Who is Couche-Tard, this Canadian brand that is buying TotalEnergies service stations?

Who is Couche Tard this Canadian brand that is buying TotalEnergies

More than 1,600 service stations, in Germany or the Netherlands. On March 16, TotalEnergies announced that it would sell part of its business to the Canadian food and fuel distribution group Couche-Tard, to better prepare for the end of sales of thermal vehicles in Europe in 2035. In Belgium and Luxembourg , the two groups will also join forces in a joint venture (TotalEnergies will hold 40% and Couche-Tard 60%), which will operate 619 stations. The amount of the transaction is 3.1 billion euros.

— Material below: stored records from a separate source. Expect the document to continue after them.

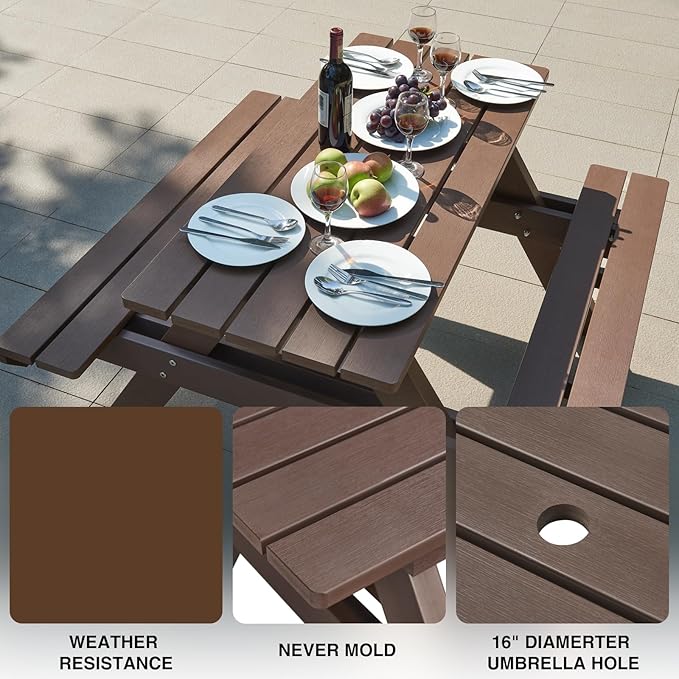 Psilvam Picnic Table - Heavy Duty Poly Lumber with Umbrella Hole & Integrated Benches, 100% Waterproof All-Weather for Patio, Garden (Brown)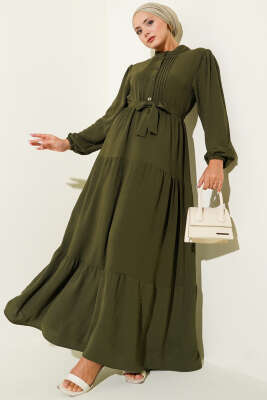 Pazarium - Yarım Piliseli Düğmeli Elbise Haki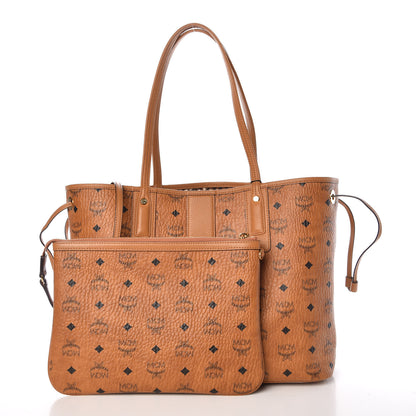 MCM Visetos Medium Liz Reversible Shopper Tote Cognac 5 of 10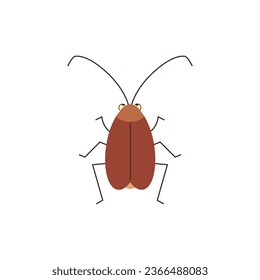 Cockroach insect stands and looks, back view. Funny brown cockroach bug with antennae. Hexapod beetle icon. Vector cartoon bad pest parasite illustration isolated on white.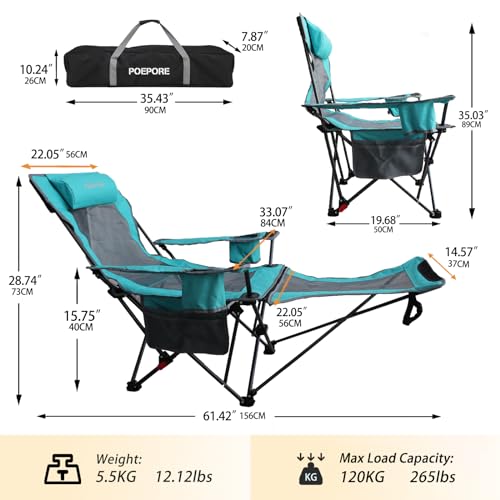 Reclining Camping Chair with Removable Footrest Lounge Chair with Headrest, Cotton Cushion, Portable Adjustable Folding Chairs - color: Cyan, size: 2 pack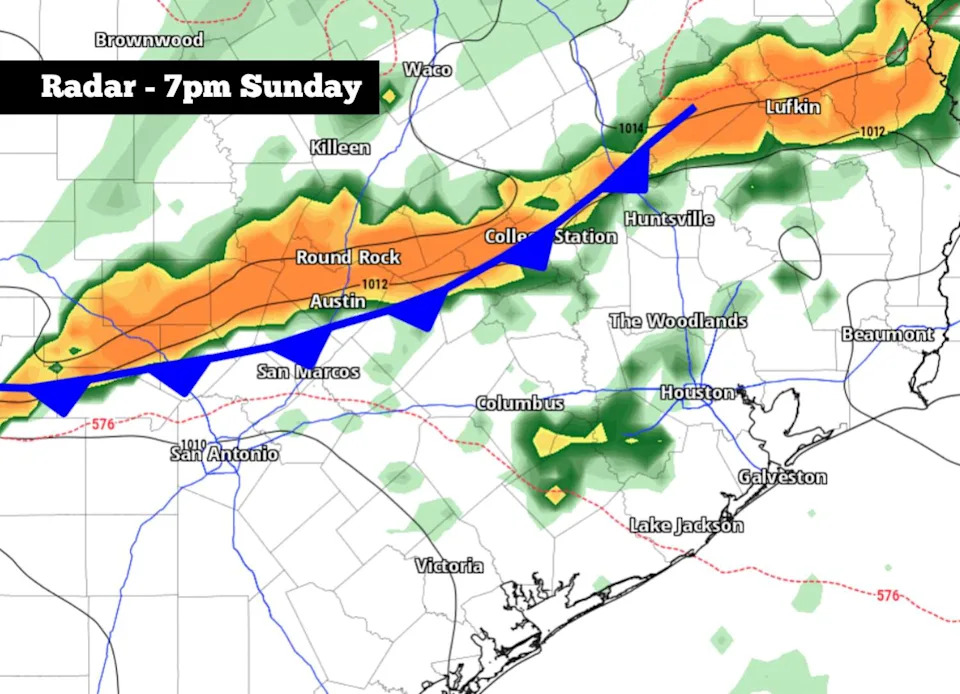 A potential weather radar image for 7 p.m. Sunday shows a line of strong thunderstorms heading toward South and Central Texas along a cold front. San Antonio's best chance of storms will occur after 8 p.m. (Pivotal Weather)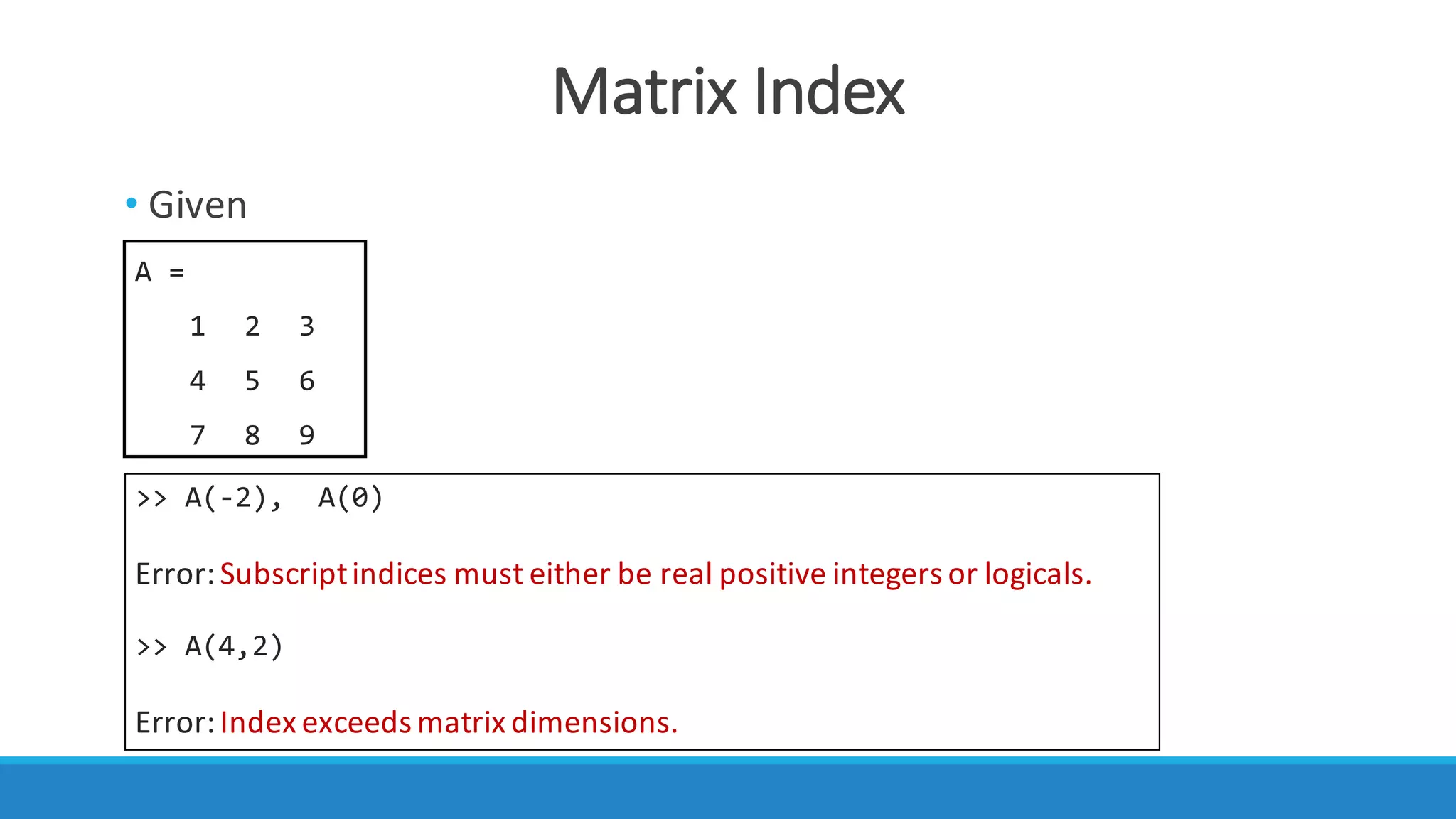 Matrix	Index
• Given
A =
1 2 3
4 5 6
7 8 9
>> A(-2), A(0)
Error:	Subscript	indices must either be	real positive integers or logicals.
>> A(4,2)
Error:	Index	exceeds matrix dimensions.
 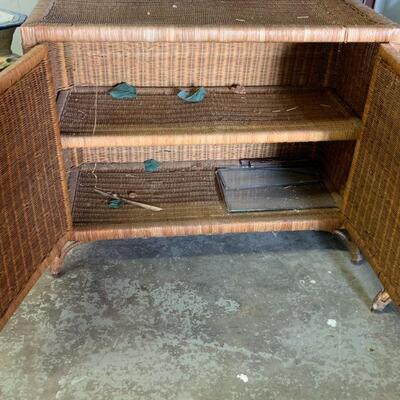 Vintage Rattan Wicker Cabinet
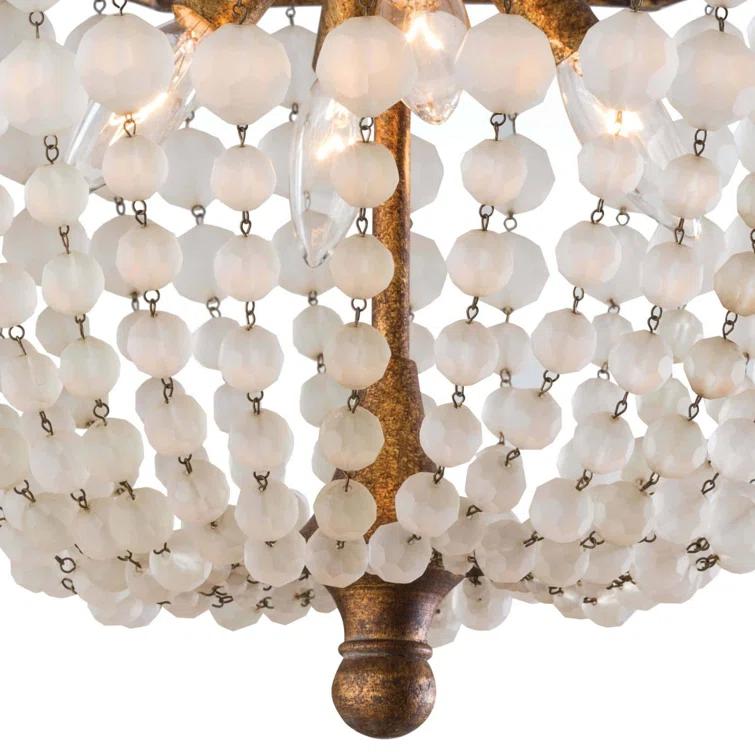 Regina Andrew Frosted Crystal Bead Semi Flush Mount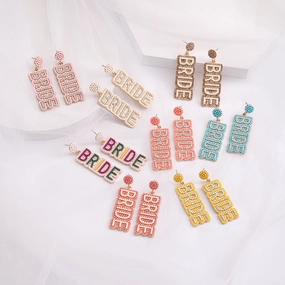Wholesale BRIDE Alloy Rice Bead Diamond Earrings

With a turnover of 59 billion euros in 2022, Couche-Tard is one of the world leaders in the market of convenience stores open 7 days a week, with a catering offer, a shop and a service station. Founded in 1980, the Canadian group has more than 14,000 points of sale in North America, Asia and Northern Europe. It employs more than 120,000 people.

By operating this partnership with Total, Couche-Tard hopes to further increase its influence. “Total’s network is very well positioned with significant size and market share in the four countries. We have visited hundreds of their establishments and they are good operators. They have a good offer to consumers”, underlines the president and CEO, Brian Hannasch, at the Quebec newspaper The duty. In total, the company estimates that it will be able to generate 120 million euros in synergy over a three-year period with this acquisition, which is expected to close by the end of calendar year 2023.

Achieve carbon neutrality

The Canadian convenience store specialist’s interest in Europe is not recent. In 2021, he hit the headlines by offering to buy Carrefour for 16 billion euros, before coming up against the veto of the Minister of the Economy Bruno Le Maire, who feared a risk for French “food sovereignty”. Like Carrefour, Couche-Tard has grown through the acquisition of competitors: first in the United States in the early 2000s, then in Northern Europe in 2012 with the takeover of the Norwegian group Statoil. Today, the sale of fuel represents 70% of its activity.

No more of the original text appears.